Dataset records>

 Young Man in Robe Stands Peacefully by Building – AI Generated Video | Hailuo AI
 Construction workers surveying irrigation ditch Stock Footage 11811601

* * *

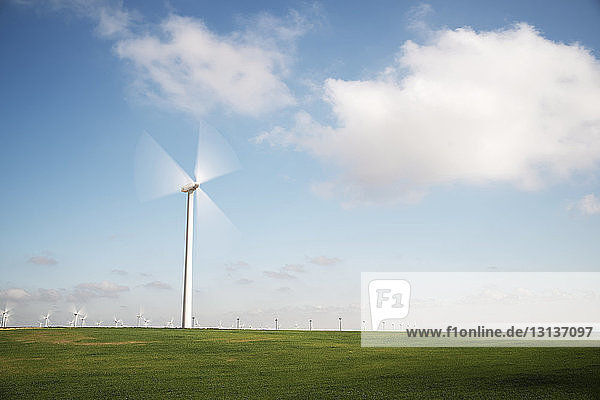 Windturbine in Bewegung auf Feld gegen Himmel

Task requirements>
Reproduce exactly, and with no other material, the lines between those holding "Young Man in" and "Construction workers surveying", inclusive.

Your solution>
 Young Man in Robe Stands Peacefully by Building – AI Generated Video | Hailuo AI
 Construction workers surveying irrigation ditch Stock Footage 11811601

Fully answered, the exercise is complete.